Global food, beverage, and snack giant PepsiCo Inc. has agreed to a 20 per cent reduction in total virgin non-renewable plastic use across its brands by 2030 following engagement with As You Sow, a non-profit organization that promotes environmental and social corporate responsibility through shareholder advocacy, coalition building, and innovative legal strategies.
The company reached an agreement with As You Sow in March to set an absolute plastic reduction target following the filing of a shareholder resolution on the topic, but needed time to assess the size of the cuts.
The commitment should reduce the company’s use of virgin non-renewable plastic by about 460,000 tons over the next nine years, and result in a 50 per cent cut in virgin non-renewable plastic when measured per serving across its food and beverage portfolios. The company projects that by expanding its SodaStream business, which allows consumers to make beverages at home without containers, it could avoid the use of 200 billion plastic bottles by 2030.
“We are pleased that the company set a significant goal to reduce plastic use by one-fifth,” said Conrad MacKerron, senior vice president of As You Sow. “However, we have some concern that the timeline for reduction is five years longer than several of its peers have committed to.”
Four other large companies — Keurig Dr Pepper, Mondelez International, Target Corp., and Walmart Inc. — have agreed to virgin plastic reductions earlier this year that will be achieved by 2025. “Given Pepsi’s huge plastic footprint and rapidly increasing pollution of land and oceans by plastic packaging, reductions need to be achieved as quickly as possible,” explains MacKerron.
“Pepsi’s announcements on plastic and packaging move the company in the right direction, but there is much more it will need to do to take effective action on plastic packaging pollution,” said Kelly McBee, waste program coordinator at As You Sow.

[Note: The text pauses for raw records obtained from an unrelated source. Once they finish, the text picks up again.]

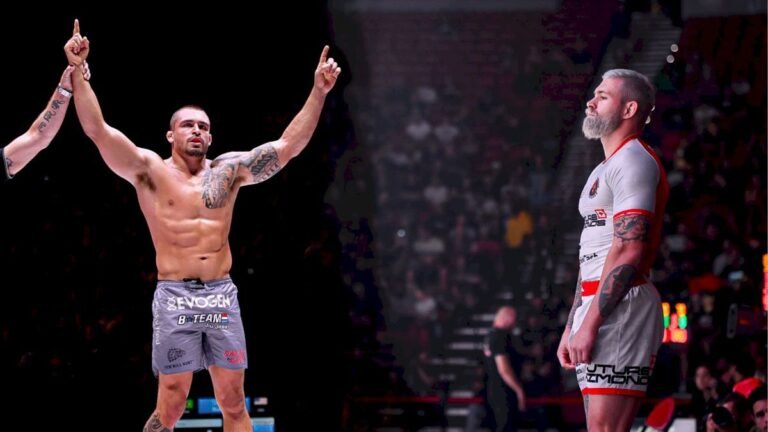 Two no-gi grapplers celebrating in rashguards after a competition match
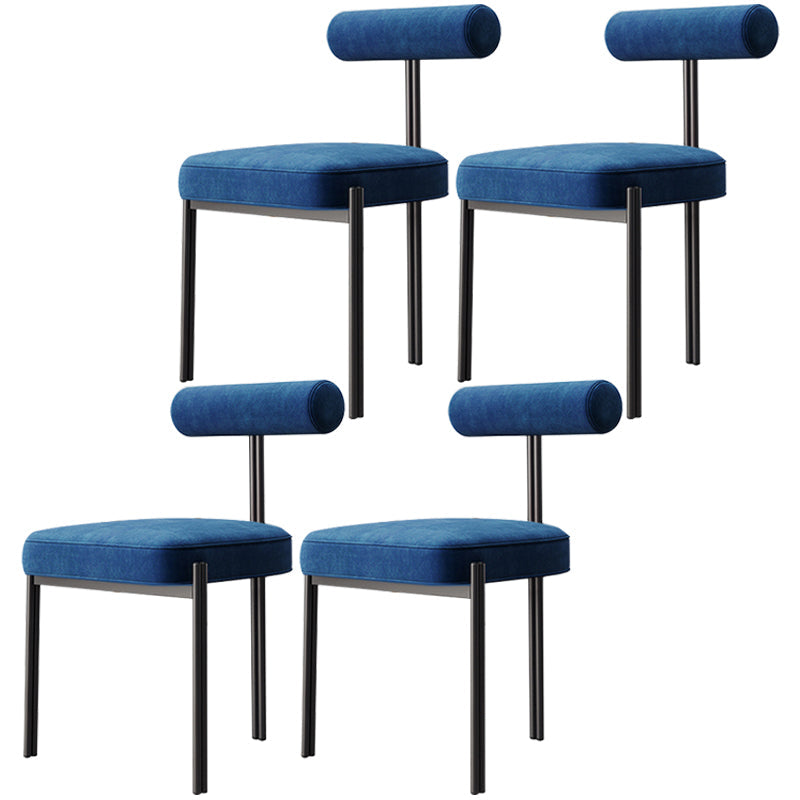 Nordic Flannelette Chair with Metal Base 32"H Open Back Dining Side Chair for Restaurant Dark Blue 4 Piece Set Black Clearhalo ' kitchen&dining_furn' 'Dining Chairs' 'Dining Tables & Seating' 'dining_chair' 'furn' 'furn_dining_chair' 'Furniture' 'furniture_dining_chair' 'Kitchen & Dining Furniture' 'kitchen' 3574286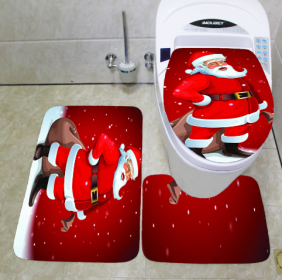 Merry Christmas Bathroom Curtain Santa Claus Toilet Seat Christmas Decorations (Option: Style7 45x75cm)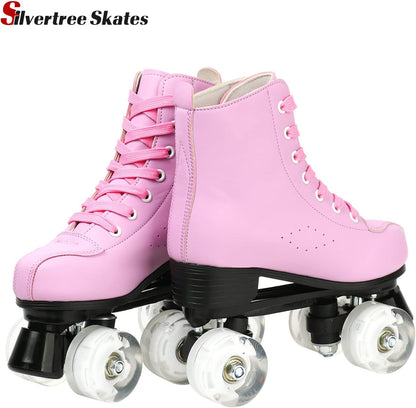 Women's Roller Skates PU Leather High-top Roller Skate Four-Wheel Roller Skate Shiny Roller Skates with Carry Bag for Girls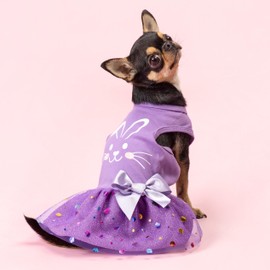 Fitwarm Easter Bunny Dog Dress, Holiday Dog Clothes for Small Dogs Girl, Pet Easter Outfit, Purple, White, XS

As You Sow’s efforts have been catalyzed by a 2020 landmark study by Pew Charitable Trusts, Breaking the Plastic Wave, which modeled actions needed to reduce 80 per cent of the plastic pollution that flows into oceans by 2040. The report said immediate and sustained new commitments throughout the plastics value chain are needed, including actions by brand owners, consumer goods companies, and retailers to reduce at least one-third of plastic demand through elimination, reuse, and new delivery models.
The largest cut in overall plastic use to date by a major consumer goods company was a 2019 commitment by Unilever to cut virgin plastic use by 50 per cent, including a total elimination of 100,000 tons of plastic packaging by 2025.